#### Listed records:
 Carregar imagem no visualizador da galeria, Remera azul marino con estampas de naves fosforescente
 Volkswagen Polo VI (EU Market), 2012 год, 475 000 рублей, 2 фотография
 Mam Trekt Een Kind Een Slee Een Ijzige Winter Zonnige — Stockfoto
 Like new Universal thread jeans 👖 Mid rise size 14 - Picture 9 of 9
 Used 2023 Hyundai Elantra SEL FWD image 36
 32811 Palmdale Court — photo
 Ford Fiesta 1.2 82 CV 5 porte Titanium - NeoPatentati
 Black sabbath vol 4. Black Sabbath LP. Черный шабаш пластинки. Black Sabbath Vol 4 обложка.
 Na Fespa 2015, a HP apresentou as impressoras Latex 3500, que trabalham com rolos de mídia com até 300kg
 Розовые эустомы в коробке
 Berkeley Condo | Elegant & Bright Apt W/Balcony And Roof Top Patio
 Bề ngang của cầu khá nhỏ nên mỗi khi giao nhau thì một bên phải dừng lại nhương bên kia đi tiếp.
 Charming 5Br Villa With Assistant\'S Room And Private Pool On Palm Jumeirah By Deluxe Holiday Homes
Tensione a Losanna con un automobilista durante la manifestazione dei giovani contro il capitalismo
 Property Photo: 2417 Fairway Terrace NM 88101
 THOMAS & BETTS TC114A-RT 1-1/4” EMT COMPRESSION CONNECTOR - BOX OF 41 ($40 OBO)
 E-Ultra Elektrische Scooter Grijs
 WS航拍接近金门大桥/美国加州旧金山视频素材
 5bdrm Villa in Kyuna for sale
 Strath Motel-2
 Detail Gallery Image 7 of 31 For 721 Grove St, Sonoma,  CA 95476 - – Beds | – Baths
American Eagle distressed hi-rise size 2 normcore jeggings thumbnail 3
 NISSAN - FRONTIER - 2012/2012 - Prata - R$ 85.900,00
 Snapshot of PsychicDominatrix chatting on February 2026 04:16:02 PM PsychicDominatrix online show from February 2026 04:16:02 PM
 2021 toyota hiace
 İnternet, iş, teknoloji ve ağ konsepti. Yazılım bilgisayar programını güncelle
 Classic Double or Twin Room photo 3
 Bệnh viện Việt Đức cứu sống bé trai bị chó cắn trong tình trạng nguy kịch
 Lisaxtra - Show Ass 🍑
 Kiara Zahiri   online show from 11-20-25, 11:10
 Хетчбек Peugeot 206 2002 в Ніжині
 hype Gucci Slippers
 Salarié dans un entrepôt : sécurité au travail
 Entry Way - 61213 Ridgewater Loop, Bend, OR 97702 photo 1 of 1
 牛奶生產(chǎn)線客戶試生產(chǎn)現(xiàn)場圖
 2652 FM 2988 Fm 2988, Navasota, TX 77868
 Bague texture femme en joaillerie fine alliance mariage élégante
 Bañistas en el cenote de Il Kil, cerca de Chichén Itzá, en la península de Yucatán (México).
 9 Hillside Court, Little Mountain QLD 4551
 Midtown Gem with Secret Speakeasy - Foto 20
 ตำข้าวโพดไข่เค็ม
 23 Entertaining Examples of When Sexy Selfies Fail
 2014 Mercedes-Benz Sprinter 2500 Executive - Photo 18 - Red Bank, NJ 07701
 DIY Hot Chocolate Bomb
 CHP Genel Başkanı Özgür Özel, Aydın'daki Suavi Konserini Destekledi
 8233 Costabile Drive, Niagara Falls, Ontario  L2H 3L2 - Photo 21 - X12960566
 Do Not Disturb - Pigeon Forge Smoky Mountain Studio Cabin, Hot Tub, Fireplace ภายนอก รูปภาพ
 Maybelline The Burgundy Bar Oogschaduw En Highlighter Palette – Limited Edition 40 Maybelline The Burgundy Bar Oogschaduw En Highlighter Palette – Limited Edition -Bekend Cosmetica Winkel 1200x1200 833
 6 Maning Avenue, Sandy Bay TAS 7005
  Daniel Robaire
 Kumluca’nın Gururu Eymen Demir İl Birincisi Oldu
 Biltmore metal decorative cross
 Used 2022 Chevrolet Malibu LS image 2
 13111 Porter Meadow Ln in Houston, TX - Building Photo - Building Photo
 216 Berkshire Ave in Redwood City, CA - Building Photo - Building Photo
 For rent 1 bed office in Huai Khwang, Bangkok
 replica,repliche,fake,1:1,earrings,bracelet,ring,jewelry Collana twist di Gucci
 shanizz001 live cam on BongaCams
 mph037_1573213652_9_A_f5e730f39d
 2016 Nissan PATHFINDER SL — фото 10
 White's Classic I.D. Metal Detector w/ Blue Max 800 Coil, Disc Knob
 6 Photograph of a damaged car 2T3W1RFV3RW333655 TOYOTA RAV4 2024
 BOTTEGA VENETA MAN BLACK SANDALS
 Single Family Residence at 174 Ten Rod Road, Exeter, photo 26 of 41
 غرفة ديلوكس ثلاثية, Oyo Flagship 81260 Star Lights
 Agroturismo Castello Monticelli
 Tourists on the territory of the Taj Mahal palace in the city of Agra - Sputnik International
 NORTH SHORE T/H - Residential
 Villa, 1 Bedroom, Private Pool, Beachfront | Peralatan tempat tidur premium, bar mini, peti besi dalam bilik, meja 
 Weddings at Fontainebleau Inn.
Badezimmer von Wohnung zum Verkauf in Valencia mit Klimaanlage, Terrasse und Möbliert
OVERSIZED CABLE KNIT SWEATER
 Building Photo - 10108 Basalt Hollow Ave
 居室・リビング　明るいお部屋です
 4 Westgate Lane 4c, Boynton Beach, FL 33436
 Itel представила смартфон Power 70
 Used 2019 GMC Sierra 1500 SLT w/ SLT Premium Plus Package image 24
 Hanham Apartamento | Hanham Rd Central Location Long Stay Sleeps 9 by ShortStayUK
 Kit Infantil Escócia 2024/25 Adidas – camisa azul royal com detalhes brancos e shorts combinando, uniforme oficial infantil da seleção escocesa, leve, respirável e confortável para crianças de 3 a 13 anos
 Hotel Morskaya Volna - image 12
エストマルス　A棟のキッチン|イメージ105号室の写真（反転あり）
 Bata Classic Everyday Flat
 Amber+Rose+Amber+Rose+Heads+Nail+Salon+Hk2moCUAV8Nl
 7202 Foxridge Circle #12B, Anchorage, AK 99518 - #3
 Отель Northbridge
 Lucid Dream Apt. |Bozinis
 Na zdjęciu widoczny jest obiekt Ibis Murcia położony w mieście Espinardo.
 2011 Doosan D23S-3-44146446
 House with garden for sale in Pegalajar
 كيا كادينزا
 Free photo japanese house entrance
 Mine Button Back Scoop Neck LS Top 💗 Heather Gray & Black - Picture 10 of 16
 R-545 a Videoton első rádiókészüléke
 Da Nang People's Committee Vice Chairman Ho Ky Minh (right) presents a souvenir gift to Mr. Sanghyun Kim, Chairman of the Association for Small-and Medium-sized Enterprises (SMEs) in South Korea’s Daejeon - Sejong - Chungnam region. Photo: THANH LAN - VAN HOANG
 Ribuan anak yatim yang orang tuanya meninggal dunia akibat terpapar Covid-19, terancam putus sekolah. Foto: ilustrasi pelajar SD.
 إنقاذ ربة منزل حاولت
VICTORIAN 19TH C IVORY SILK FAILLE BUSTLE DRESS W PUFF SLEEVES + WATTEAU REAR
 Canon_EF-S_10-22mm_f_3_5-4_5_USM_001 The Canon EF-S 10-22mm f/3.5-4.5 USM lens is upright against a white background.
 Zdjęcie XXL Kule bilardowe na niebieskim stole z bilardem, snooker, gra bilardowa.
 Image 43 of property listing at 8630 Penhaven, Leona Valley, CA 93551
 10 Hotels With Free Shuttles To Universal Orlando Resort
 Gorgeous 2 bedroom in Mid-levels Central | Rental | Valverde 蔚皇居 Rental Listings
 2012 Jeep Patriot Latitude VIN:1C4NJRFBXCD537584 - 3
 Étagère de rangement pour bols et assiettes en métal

#### What the exercise asks:
Look above for the line with "Used 2022 Chevrolet Malibu LS image 2" and the line with "Tourists on the"; transcribe both and all lines in between, exactly, and nothing else.

#### Written reply:
 Used 2022 Chevrolet Malibu LS image 2
 13111 Porter Meadow Ln in Houston, TX - Building Photo - Building Photo
 216 Berkshire Ave in Redwood City, CA - Building Photo - Building Photo
 For rent 1 bed office in Huai Khwang, Bangkok
 replica,repliche,fake,1:1,earrings,bracelet,ring,jewelry Collana twist di Gucci
 shanizz001 live cam on BongaCams
 mph037_1573213652_9_A_f5e730f39d
 2016 Nissan PATHFINDER SL — фото 10
 White's Classic I.D. Metal Detector w/ Blue Max 800 Coil, Disc Knob
 6 Photograph of a damaged car 2T3W1RFV3RW333655 TOYOTA RAV4 2024
 BOTTEGA VENETA MAN BLACK SANDALS
 Single Family Residence at 174 Ten Rod Road, Exeter, photo 26 of 41
 غرفة ديلوكس ثلاثية, Oyo Flagship 81260 Star Lights
 Agroturismo Castello Monticelli
 Tourists on the territory of the Taj Mahal palace in the city of Agra - Sputnik International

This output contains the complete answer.